Why? Because Ethereum offers valuable use cases for users. There are endless use cases on Ethereum beyond P2P transactions. Bitcoin has only one other beyond P2P transactions.
Ethereum has taken a modular approach to its blockchain, allowing thousands of ‘lego pieces’ to plug into the system and compound its value through new and innovative use cases. This is good for network participants and great for the value of the network. The more people who use it, the more engineers will build on it, the more valuable it becomes to users, the more new users will attract to the network. Positive network effects in action.
Despite being in a bear market, NFT transactions on Ethereum have actually INCREASED significantly. I talk more about that in my article on the state of the NFT market in 2022. A recent Cointelegraph report claims that the NFT market alone has been estimated to hit $230 billion by the year 2030. Roughly 80% of all NFTs today are minted on the Ethereum blockchain (down from 95% in 2021!). This represents just one use case out of thousands on the Ethereum network and I’m using it as a way to illustrate the compounding value of the network.

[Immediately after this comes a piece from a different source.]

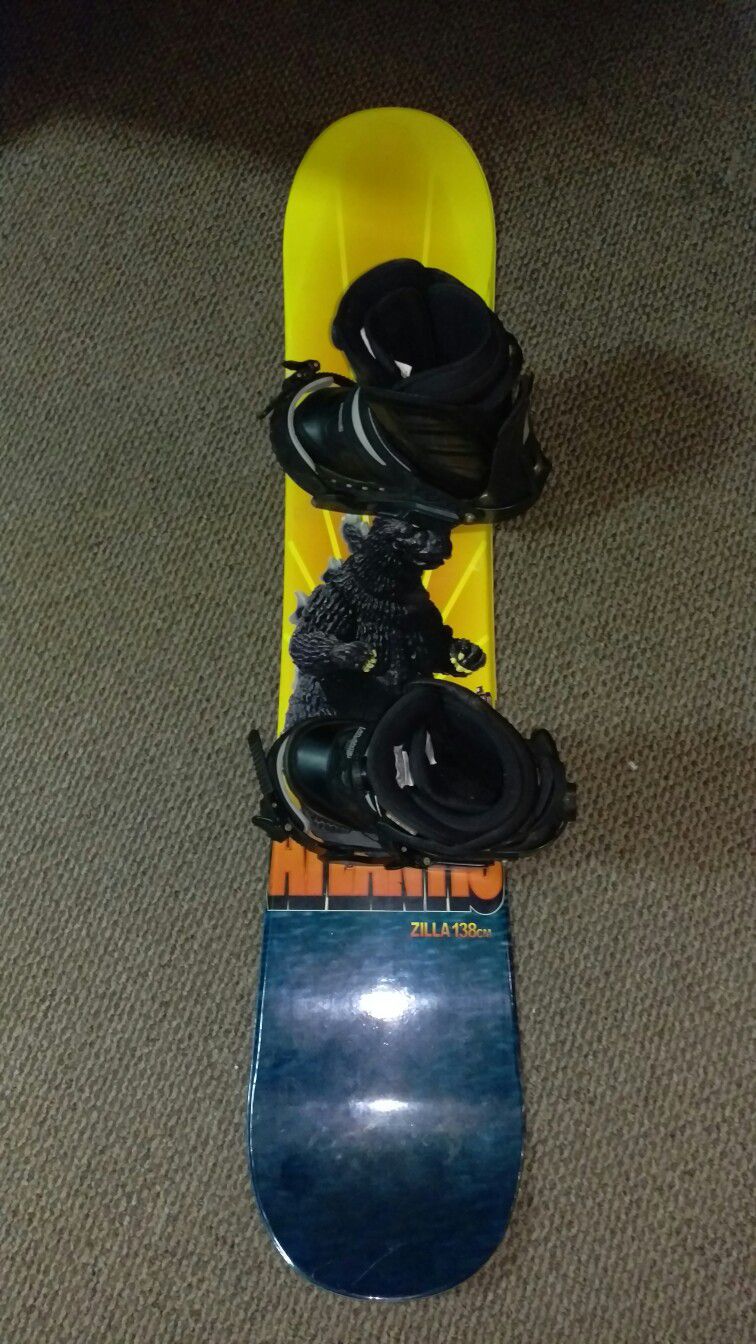 Atlantis Godzilla snowboard with size 4 boots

What are the future use cases of Bitcoin that will result in exponential growth? What will attract large swaths of new users to pay for transaction fees? It sure won’t be P2P transactions alone. But unfortunately, there’s another problem. Let’s assume Bitcoin sees exponential network effects in the coming decades and transaction fees reach satisfactory levels for miners (despite my arguments above).
There’s an energy problem, and it’s not what you think.

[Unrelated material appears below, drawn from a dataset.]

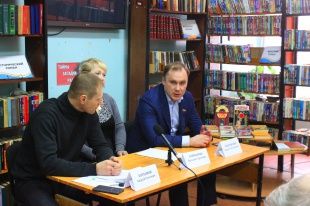 Встреча с управляющей компанией  при участии депутата Кирилла Покровского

Blockchain security requires sound cryptoeconomics and game theory. A financial incentive for the miners to act honestly isn’t enough to secure the blockchain. You need a financial disincentive for miners that act dishonestly, punishing bad actors who try to disrupt the network and process fraudulent blocks. Otherwise, there would be nothing stopping bad actors from attempting to disrupt the network at any given time. For Bitcoin miners (and most other Proof-of-Work miners), this comes in the form of energy costs to solve complex, cryptographic puzzles.

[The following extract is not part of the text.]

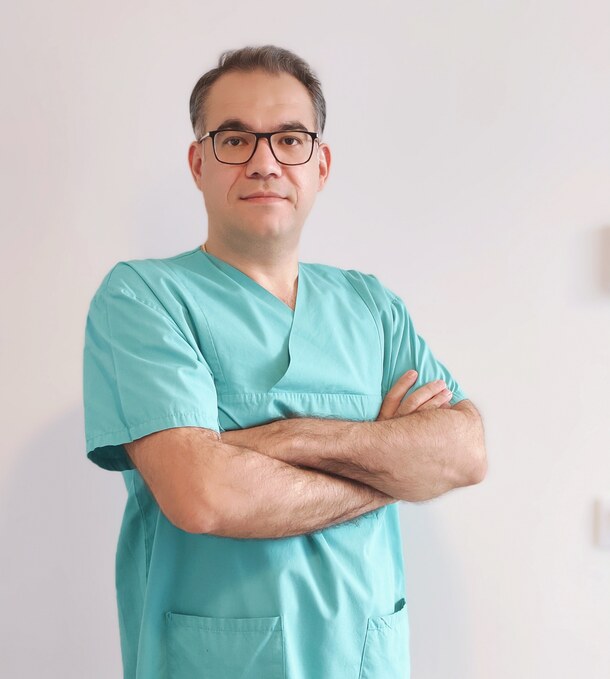 OA Dr. med. Univ. Reza Sari Motlagh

Because the cost of mining a Bitcoin block is so high, it becomes financially infeasible to try to process fraudulent blocks on the network. The other nodes would claim this block invalid, and the miner would not get the block reward. For context, the average cost of mining 1 BTC in 2022 across 198 countries has been estimated at $35,000.
So far, so good. Nobody wants to throw away $35K in energy costs for no reason. The game theory plays out, and the Bitcoin network remains secure. But what happens if we remove the cost of energy from the equation?
According to an article by DnB Asset Management, energy prices could drop to zero as early as the year 2050. And DnB aren’t the only ones exploring this idea. SingularityHub and Forbes have both published articles discussing this potential future with similar timelines.
This might be a difficult idea to comprehend given the current state of energy prices, particularly across the European continent that’s staring down the barrel of crippling energy costs. But there’s no doubt energy prices will become exponentially cheaper over time thanks to solar, wind, and nuclear power. What will happen to the security model of Bitcoin when there’s no reason to act honestly as a miner? It all falls apart.
Consequently, the price of the BTC token will plummet, and the network will fade into existence. I’ve not yet heard people in the crypto space address this point at length. Perhaps it’s being conveniently ignored. Perhaps it’s considered an extreme scenario and not worthy of legitimate concern? Either way, if I were invested in Bitcoin, it’s a concern that I’d want answers to.